Well, here are a couple of easy things musicians can do:
- Track your volume: Knowledge is power, right? So it follows that you should always be aware of what levels of sound you’re exposing your ears to. Monitoring the volume on amps and PA systems is one factor. But you can also purchase a volume meter app for your cellphone to make it convenient to track the real-world volume levels your ears are experiencing from day-to-day. You will need to make a few changes if the meter regularly reads above 85 dB.
- Take breaks: Your ears are like any other part of your body: they can become exhausted and will often benefit from rest. So take frequent breaks from the noise. In this way, noises won’t overpower and harm your ears. With regard to hearing, how long you’re exposed is nearly as significant as how loud it is. Taking breaks can be the difference between just the right amount of stimulation and too much!
Wear ear protection
Of course, the single most effective thing you can do to safeguard your hearing is simple: wearing hearing protection of some kind. Many musicians are unwilling to use hearing protection because they’re worried it will impact the quality of sound they hear, in addition to dampening the volume. That isn’t always the case, depending on which kind of ear protection you choose.
- Ear plugs made mainly for musicians: Most people are probably familiar with disposable ear plugs. They’re fairly good at stopping a lot of sound though they sometimes don’t fit comfortably. They’re inexpensive, easy to get, and easy to throw away. And they aren’t ideal for musicians. However, by spending just a little more money, you can purchase high-quality earplugs made specifically for musicians. These earplugs use cutting-edge manufacturing tricks (mostly they’re made out of very specific materials and are designed to conform nicely to the ear) to preserve audio fidelity while diminishing the noise you hear by about 20dB. For musicians who require a moderate level of protection on a budget, this option is perfect.
- Electronic earplugs: Electronic earplugs function in pretty much the same way as high-quality, non-electronic earplugs. Most of the sound will be blocked by the earplug itself. What you hear will instead be routed in by the earplug itself. For individuals who work in very noisy environments and need better control of the volume, these earplugs are perfect.

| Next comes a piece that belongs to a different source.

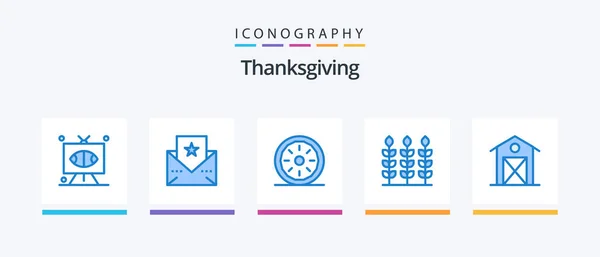 Thanks Giving Blue Icon Pack Including Barn Giving Bakery Thanks — Wektor stockowy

- In-ear monitors: The majority of music is electronic these days, or at least amplified by electronics. A device, called an in-ear-monitor, is placed in your ear and passes signals in electronically. Most monitors are small speakers that fit tightly and block out most sound while playing sounds you want to hear at safe volumes. This means you can hear exactly how you sound, at a volume you control. In-ear monitors are beneficial for individuals who work chiefly with electronically amplified instruments.
Protect your career by protecting your ears
It’s better to start protecting your hearing early, before any substantial damage occurs. Everybody can safeguard their hearing and future with ear protection options at all price points. Don’t forget that you’re investing in your career by utilizing hearing protection for musicians. By doing so, you will be able to enjoy making music for as long as you want to.